:: Stored data ::

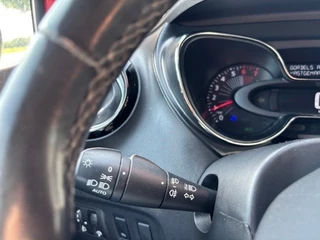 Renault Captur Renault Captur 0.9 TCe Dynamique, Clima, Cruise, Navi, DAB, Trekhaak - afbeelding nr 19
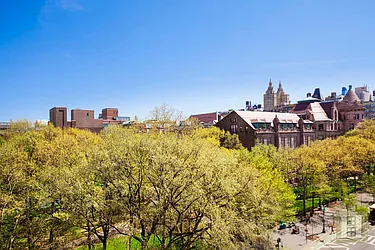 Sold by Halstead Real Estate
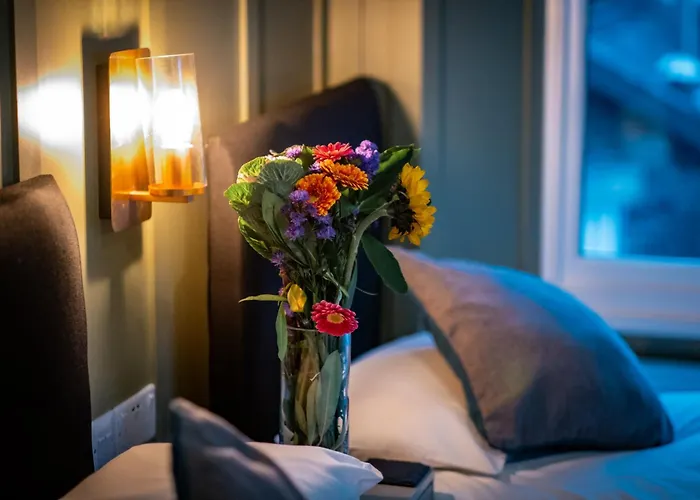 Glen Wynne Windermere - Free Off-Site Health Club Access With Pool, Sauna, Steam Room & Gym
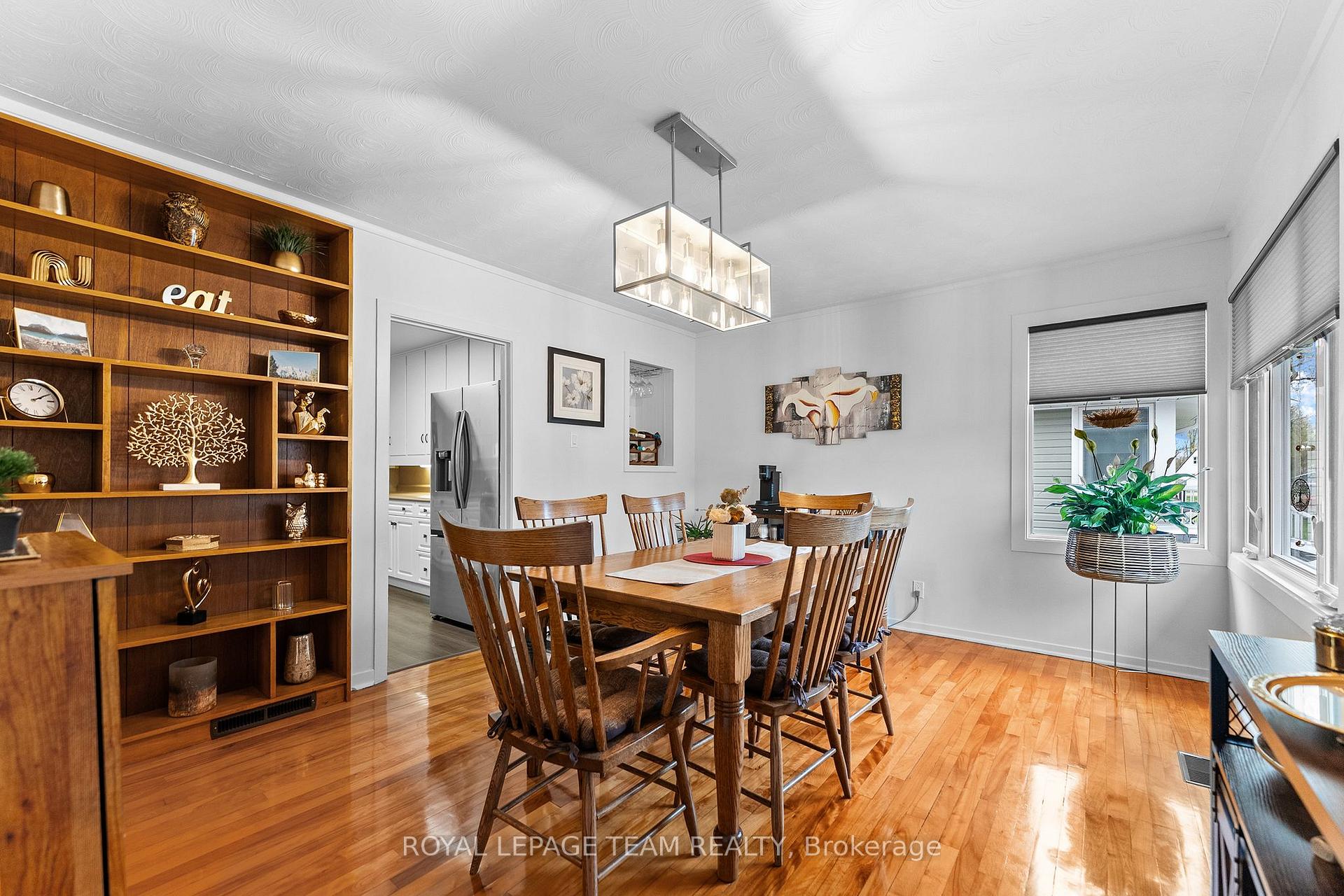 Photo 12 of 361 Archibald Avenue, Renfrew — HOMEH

:::
:: Stored data ::

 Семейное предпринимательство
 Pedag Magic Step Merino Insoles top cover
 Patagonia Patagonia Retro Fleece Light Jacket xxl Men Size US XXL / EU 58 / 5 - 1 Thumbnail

:::

Work task >> Leave the pictures out. Output, exactly, the lines of the material above starting at the line containing "Renault Captur Renault" and ending at the line containing "Photo 12 of".

Solution to the exercise >>
 Renault Captur Renault Captur 0.9 TCe Dynamique, Clima, Cruise, Navi, DAB, Trekhaak - afbeelding nr 19
 Sold by Halstead Real Estate
 Glen Wynne Windermere - Free Off-Site Health Club Access With Pool, Sauna, Steam Room & Gym
 Photo 12 of 361 Archibald Avenue, Renfrew — HOMEH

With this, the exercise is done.